How to complete this task –
Using the records below, transcribe word for word the stretch from the line that contains "Mosaddek Hossain" through the line that contains "5521 Lakewhite Ct, Townhouse", both end lines included, and nothing else.

=-=-=-=-=

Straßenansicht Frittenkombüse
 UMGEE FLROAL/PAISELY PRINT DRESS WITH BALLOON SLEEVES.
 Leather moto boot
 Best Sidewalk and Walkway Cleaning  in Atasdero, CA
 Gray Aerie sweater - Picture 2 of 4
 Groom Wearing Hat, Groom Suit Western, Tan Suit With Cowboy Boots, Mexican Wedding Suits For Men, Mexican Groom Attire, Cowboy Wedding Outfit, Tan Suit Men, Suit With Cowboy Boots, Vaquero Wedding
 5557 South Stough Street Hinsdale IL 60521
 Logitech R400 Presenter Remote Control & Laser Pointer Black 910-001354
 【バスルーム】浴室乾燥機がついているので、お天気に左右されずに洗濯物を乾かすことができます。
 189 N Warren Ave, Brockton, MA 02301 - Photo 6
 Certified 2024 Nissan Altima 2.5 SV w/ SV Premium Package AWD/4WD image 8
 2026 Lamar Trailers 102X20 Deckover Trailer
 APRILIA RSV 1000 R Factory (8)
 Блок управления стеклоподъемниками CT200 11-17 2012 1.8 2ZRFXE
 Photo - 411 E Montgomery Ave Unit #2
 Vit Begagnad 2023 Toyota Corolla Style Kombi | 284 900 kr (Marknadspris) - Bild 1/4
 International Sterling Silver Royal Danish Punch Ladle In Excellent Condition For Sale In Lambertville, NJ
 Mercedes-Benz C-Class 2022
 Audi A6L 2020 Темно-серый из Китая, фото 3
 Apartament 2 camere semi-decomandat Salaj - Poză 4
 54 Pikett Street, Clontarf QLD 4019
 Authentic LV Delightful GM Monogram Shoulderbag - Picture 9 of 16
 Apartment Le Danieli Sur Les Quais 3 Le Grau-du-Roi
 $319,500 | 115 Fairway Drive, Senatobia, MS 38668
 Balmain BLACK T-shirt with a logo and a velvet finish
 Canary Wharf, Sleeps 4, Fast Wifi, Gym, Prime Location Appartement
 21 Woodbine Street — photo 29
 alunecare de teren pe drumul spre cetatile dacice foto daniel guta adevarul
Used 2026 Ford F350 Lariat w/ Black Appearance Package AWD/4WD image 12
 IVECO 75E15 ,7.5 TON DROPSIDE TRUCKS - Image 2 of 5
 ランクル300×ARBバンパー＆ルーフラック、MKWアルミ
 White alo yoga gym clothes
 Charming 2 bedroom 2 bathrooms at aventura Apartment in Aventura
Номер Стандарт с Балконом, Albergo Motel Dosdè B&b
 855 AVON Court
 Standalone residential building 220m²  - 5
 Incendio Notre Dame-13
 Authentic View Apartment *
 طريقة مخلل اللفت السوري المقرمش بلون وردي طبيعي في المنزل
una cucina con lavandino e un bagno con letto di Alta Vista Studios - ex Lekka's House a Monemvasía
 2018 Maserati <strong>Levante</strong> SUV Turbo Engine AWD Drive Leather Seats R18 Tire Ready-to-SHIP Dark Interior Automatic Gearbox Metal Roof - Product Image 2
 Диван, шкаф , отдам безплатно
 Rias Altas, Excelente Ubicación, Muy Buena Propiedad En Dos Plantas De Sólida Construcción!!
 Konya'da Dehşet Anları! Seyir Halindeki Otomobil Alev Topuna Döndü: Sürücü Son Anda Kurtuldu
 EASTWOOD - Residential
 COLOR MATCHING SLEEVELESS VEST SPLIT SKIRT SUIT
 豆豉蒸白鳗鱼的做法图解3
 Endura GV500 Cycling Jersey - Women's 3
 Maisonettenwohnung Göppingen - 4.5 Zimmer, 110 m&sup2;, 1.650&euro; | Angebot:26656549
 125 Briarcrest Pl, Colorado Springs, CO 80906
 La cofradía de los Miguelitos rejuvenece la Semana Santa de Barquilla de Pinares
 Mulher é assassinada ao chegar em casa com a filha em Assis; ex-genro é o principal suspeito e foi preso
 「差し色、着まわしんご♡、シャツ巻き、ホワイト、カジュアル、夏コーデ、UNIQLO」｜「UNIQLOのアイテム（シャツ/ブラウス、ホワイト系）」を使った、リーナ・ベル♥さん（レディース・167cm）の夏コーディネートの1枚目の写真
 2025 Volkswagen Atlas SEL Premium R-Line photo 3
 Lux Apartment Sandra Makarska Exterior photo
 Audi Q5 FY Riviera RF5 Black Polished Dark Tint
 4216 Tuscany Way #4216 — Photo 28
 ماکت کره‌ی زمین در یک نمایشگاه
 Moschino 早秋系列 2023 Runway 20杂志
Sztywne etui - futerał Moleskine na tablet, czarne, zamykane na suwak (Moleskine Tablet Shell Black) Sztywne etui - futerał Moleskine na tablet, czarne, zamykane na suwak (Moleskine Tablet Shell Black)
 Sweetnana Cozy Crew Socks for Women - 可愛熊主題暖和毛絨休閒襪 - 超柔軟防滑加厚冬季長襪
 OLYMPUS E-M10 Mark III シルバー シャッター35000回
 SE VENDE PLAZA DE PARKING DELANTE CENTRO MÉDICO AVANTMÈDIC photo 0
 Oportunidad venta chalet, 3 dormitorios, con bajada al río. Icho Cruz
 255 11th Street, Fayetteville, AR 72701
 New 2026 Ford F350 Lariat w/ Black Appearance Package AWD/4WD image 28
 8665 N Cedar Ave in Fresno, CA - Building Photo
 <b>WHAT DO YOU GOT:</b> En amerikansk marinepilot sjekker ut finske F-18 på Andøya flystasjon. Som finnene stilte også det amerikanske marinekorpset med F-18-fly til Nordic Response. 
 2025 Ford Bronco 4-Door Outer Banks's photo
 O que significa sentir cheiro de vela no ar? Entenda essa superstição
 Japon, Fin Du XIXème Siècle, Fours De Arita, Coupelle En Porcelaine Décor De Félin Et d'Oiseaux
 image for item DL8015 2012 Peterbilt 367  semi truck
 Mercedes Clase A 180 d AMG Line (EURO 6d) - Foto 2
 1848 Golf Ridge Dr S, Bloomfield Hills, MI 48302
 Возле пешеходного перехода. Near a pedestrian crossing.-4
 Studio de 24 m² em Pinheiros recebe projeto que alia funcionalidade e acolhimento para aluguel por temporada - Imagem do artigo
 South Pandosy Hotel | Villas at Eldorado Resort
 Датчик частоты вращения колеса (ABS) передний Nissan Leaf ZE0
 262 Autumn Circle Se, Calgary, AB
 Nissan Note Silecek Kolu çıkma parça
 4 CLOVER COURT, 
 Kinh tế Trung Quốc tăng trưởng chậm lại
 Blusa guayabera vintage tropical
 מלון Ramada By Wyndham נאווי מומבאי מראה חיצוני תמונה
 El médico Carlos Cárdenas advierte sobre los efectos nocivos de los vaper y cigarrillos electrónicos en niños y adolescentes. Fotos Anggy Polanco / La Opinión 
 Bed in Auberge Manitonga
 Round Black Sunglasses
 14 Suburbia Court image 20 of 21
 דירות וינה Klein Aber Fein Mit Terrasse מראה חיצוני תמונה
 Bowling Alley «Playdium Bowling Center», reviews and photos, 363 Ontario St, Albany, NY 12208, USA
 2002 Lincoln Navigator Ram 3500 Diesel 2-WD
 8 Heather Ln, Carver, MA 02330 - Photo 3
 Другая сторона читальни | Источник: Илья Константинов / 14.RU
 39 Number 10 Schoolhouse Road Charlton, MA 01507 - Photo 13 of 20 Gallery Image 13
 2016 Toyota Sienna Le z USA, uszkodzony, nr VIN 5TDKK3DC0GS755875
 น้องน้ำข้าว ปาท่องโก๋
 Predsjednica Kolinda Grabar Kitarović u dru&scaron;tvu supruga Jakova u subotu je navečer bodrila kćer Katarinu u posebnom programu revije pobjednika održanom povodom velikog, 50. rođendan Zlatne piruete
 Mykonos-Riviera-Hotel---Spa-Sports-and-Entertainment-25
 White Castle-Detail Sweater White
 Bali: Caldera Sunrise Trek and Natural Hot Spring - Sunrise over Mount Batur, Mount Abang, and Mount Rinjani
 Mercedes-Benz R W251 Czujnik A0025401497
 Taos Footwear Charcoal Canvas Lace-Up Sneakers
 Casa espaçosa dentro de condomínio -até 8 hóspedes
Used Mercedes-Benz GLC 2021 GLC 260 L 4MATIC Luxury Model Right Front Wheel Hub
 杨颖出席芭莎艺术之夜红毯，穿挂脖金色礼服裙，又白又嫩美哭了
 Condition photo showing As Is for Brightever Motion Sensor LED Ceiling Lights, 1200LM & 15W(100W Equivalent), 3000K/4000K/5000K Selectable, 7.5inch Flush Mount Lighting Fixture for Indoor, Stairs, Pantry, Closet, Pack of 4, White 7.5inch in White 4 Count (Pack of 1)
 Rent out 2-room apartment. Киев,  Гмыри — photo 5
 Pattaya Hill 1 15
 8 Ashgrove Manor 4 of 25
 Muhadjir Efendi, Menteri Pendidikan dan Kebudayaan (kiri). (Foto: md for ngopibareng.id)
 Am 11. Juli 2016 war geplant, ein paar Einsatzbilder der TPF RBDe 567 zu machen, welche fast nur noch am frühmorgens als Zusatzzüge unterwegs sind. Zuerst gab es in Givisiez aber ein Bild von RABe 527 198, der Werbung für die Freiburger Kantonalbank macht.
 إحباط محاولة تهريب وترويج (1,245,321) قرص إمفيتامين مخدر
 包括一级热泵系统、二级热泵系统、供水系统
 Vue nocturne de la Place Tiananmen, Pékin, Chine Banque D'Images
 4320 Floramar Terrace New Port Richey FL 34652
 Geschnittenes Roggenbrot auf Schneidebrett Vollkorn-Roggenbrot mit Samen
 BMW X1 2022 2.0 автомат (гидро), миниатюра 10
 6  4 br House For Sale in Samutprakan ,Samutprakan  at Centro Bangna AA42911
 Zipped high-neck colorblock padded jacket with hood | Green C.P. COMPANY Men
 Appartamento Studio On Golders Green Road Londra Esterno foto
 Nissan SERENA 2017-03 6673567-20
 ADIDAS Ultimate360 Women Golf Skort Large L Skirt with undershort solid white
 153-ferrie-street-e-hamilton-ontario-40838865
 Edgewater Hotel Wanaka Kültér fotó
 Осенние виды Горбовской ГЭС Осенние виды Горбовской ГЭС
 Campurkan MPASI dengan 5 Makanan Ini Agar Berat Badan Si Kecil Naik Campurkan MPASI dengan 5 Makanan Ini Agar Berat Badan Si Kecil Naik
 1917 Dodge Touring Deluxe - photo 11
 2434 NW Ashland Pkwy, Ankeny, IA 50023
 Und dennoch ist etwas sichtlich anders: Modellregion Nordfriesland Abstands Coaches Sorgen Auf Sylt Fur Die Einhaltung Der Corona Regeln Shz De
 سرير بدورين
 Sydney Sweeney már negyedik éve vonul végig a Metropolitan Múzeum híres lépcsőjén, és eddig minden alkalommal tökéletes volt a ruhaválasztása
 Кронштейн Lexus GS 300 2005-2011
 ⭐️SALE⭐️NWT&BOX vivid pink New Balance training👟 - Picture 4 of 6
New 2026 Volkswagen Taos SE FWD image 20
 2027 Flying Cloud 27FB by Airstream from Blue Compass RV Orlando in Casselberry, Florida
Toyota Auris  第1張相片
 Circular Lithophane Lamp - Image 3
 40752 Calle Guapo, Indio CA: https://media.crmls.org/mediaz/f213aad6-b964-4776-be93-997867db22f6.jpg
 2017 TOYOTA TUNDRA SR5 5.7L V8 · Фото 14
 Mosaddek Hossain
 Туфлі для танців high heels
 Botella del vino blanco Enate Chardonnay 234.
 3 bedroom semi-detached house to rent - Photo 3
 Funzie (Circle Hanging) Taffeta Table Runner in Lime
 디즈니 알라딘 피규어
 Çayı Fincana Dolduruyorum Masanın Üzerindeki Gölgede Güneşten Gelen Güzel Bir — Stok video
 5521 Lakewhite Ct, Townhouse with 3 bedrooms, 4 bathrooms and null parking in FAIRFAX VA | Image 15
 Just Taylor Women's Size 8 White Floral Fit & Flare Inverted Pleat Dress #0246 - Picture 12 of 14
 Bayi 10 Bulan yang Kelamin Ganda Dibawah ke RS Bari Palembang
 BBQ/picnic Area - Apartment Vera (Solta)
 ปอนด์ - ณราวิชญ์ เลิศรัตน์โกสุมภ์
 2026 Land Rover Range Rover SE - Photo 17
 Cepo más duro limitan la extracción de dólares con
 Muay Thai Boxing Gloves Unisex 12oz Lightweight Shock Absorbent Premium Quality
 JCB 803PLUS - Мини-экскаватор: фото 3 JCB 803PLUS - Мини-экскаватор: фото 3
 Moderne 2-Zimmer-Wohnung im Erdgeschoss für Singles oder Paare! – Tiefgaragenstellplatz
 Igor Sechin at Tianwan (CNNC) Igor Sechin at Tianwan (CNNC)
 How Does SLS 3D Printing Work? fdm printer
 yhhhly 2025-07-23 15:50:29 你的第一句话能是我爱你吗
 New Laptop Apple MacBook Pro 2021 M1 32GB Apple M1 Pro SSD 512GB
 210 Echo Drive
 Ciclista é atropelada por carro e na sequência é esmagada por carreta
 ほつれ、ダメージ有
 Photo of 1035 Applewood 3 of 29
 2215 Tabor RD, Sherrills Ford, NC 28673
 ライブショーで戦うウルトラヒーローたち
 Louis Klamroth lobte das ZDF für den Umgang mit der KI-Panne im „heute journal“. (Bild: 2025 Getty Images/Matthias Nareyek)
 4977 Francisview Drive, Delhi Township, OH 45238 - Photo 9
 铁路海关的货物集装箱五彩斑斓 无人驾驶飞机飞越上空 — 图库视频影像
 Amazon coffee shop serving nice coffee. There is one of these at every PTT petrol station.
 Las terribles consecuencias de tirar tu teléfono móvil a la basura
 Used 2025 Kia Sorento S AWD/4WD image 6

=-=-=-=-=

Answer for this exercise –
 Mosaddek Hossain
 Туфлі для танців high heels
 Botella del vino blanco Enate Chardonnay 234.
 3 bedroom semi-detached house to rent - Photo 3
 Funzie (Circle Hanging) Taffeta Table Runner in Lime
 디즈니 알라딘 피규어
 Çayı Fincana Dolduruyorum Masanın Üzerindeki Gölgede Güneşten Gelen Güzel Bir — Stok video
 5521 Lakewhite Ct, Townhouse with 3 bedrooms, 4 bathrooms and null parking in FAIRFAX VA | Image 15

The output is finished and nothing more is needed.